Israel’s Rise Is Reshaping the Gulf Order

Iran’s combat operation with the United States has exposed the limits of old security assumptions—and pushed Arab states closer to a regional order anchored by Israeli strength.
For decades, the monarchies of the Persian Gulf rested their security on a familiar formula: American military protection, vast energy wealth, and the containment of revolutionary Iran. The war with Tehran has not overturned that formula entirely. But it has transformed the balance within it. Israel now sits far closer to the center of the region’s strategic architecture.
The conflict began as a bold American-Israeli effort to cripple Iran’s nuclear and military apparatus. In purely military terms, the campaign demonstrated Israel’s growing reach and operational sophistication. Iranian command structures were severely damaged, key facilities were hit, and Tehran’s aura of deterrence was punctured. For many Gulf rulers, long alarmed by Iran’s regional ambitions and nuclear program, that outcome was privately welcomed.
Yet the war also exposed how vulnerable the Gulf states themselves remain. Iran’s retaliatory missile and drone strikes against energy infrastructure, shipping routes, and military facilities rattled the region’s economies and undermined the image of the Gulf as a sanctuary of stability. Investors who once viewed Dubai, Doha, and Riyadh as insulated from Middle Eastern turmoil have been reminded that geography still matters.
Even so, the broader strategic lesson emerging in Gulf capitals is not that Israel has become the problem.
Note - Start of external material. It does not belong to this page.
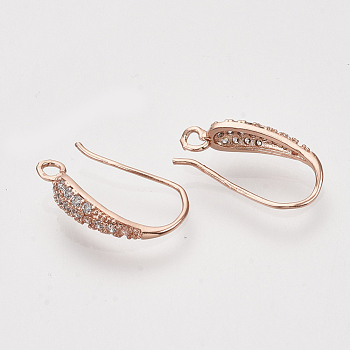Brass Micro Pave Cubic Zirconia Earring Hooks, with Horizontal Loop, Nickel Free, Clear, Real Rose Gold Plated, 19~20x10~11x4mm, Hole: 2mm, 21 Gauge, Pin: 0.7mm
It is that Israel has become indispensable.
For years, many Arab governments approached relations with Israel cautiously, treating cooperation as politically sensitive but strategically useful. The war accelerated that calculation. Israel’s intelligence capabilities, missile defenses, cyberwarfare expertise, and willingness to confront Iran directly have reinforced its position as the region’s most capable military power. In a Middle East increasingly defined by hard power, Gulf leaders see practical value in closer alignment with Jerusalem.
That does not mean the Gulf states are comfortable with permanent instability or endless confrontation. Publicly, they continue to call for de-escalation and diplomacy. But beneath the rhetoric lies a clear recognition: an unchecked Iran remains the primary source of regional disorder. Tehran’s ability to threaten shipping lanes, arm proxy networks, and strike civilian infrastructure has only strengthened the argument among Sunni Arab states that Iranian power must be contained.
The war has also exposed the limits of relying solely on Washington. Gulf officials increasingly worry that the United States, though still the indispensable external power, is less willing than in the past to bear the full burden of regional security. America remains committed, but its strategic focus is increasingly global, not exclusively Middle Eastern.
That shift makes Israel more important, not less. Unlike distant powers, Israel is a permanent regional actor with immediate security interests and demonstrated military resolve. Quiet intelligence cooperation between Israel and several Gulf states is therefore likely to deepen, even if political normalization proceeds unevenly.
At the same time, rivalries within the Gulf are complicating the picture. Saudi Arabia and the United Arab Emirates are pursuing increasingly independent regional agendas, competing for influence from Sudan to the Red Sea. Yet both share a common interest in preventing Iran from re-emerging stronger after the conflict. That shared concern is likely to keep them aligned, however uneasily, with Israel’s broader strategic objectives.
The Middle East emerging from this war will not resemble the old order. Iran remains dangerous, but its vulnerabilities are now visible. America remains powerful, but more selective. Israel, by contrast, has emerged as the region’s decisive military actor and an increasingly central pillar of the anti-Iranian balance.
For the Gulf monarchies, that reality demands adaptation rather than resistance. The age in which Arab states viewed Israel primarily through the prism of the Palestinian conflict is steadily giving way to a colder, more strategic calculation: in an unstable region, Israeli power may be the strongest barrier against a far more dangerous alternative.